### What you should do
The data must be transcribed exactly, with no line missing.

Stored dataset items:
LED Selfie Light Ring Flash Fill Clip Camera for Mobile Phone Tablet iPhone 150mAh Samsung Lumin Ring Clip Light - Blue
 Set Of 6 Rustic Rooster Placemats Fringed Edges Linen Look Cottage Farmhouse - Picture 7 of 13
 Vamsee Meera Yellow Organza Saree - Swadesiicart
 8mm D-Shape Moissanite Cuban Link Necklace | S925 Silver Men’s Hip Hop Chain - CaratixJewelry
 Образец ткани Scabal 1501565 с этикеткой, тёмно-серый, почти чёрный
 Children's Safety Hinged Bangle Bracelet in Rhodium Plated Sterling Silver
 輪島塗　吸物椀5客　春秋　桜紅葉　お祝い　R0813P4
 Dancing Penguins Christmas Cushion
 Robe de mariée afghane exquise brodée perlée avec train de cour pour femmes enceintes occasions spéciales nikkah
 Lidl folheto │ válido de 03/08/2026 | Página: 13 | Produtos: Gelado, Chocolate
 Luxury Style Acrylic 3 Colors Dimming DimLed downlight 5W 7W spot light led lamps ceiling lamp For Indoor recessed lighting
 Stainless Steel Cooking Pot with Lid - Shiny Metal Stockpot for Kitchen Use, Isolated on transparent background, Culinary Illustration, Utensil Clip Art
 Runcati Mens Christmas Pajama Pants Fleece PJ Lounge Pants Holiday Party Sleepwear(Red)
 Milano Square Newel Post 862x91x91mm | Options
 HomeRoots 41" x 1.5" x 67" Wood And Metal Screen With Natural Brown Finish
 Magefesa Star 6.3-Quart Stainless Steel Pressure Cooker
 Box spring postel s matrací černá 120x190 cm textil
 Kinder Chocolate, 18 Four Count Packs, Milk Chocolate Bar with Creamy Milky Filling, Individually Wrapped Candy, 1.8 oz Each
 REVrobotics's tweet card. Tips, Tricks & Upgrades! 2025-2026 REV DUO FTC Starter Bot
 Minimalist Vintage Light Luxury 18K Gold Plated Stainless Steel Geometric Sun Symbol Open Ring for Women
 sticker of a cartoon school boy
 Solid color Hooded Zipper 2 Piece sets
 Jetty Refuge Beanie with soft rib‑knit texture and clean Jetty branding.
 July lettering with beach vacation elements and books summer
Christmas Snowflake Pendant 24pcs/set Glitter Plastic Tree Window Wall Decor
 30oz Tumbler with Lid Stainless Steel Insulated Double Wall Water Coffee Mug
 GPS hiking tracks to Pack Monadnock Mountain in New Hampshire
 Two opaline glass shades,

### Result
LED Selfie Light Ring Flash Fill Clip Camera for Mobile Phone Tablet iPhone 150mAh Samsung Lumin Ring Clip Light - Blue
 Set Of 6 Rustic Rooster Placemats Fringed Edges Linen Look Cottage Farmhouse - Picture 7 of 13
 Vamsee Meera Yellow Organza Saree - Swadesiicart
 8mm D-Shape Moissanite Cuban Link Necklace | S925 Silver Men’s Hip Hop Chain - CaratixJewelry
 Образец ткани Scabal 1501565 с этикеткой, тёмно-серый, почти чёрный
 Children's Safety Hinged Bangle Bracelet in Rhodium Plated Sterling Silver
 輪島塗　吸物椀5客　春秋　桜紅葉　お祝い　R0813P4
 Dancing Penguins Christmas Cushion
 Robe de mariée afghane exquise brodée perlée avec train de cour pour femmes enceintes occasions spéciales nikkah
 Lidl folheto │ válido de 03/08/2026 | Página: 13 | Produtos: Gelado, Chocolate
 Luxury Style Acrylic 3 Colors Dimming DimLed downlight 5W 7W spot light led lamps ceiling lamp For Indoor recessed lighting
 Stainless Steel Cooking Pot with Lid - Shiny Metal Stockpot for Kitchen Use, Isolated on transparent background, Culinary Illustration, Utensil Clip Art
 Runcati Mens Christmas Pajama Pants Fleece PJ Lounge Pants Holiday Party Sleepwear(Red)
 Milano Square Newel Post 862x91x91mm | Options
 HomeRoots 41" x 1.5" x 67" Wood And Metal Screen With Natural Brown Finish
 Magefesa Star 6.3-Quart Stainless Steel Pressure Cooker
 Box spring postel s matrací černá 120x190 cm textil
 Kinder Chocolate, 18 Four Count Packs, Milk Chocolate Bar with Creamy Milky Filling, Individually Wrapped Candy, 1.8 oz Each
 REVrobotics's tweet card. Tips, Tricks & Upgrades! 2025-2026 REV DUO FTC Starter Bot
 Minimalist Vintage Light Luxury 18K Gold Plated Stainless Steel Geometric Sun Symbol Open Ring for Women
 sticker of a cartoon school boy
 Solid color Hooded Zipper 2 Piece sets
 Jetty Refuge Beanie with soft rib‑knit texture and clean Jetty branding.
 July lettering with beach vacation elements and books summer
Christmas Snowflake Pendant 24pcs/set Glitter Plastic Tree Window Wall Decor
 30oz Tumbler with Lid Stainless Steel Insulated Double Wall Water Coffee Mug
 GPS hiking tracks to Pack Monadnock Mountain in New Hampshire
 Two opaline glass shades,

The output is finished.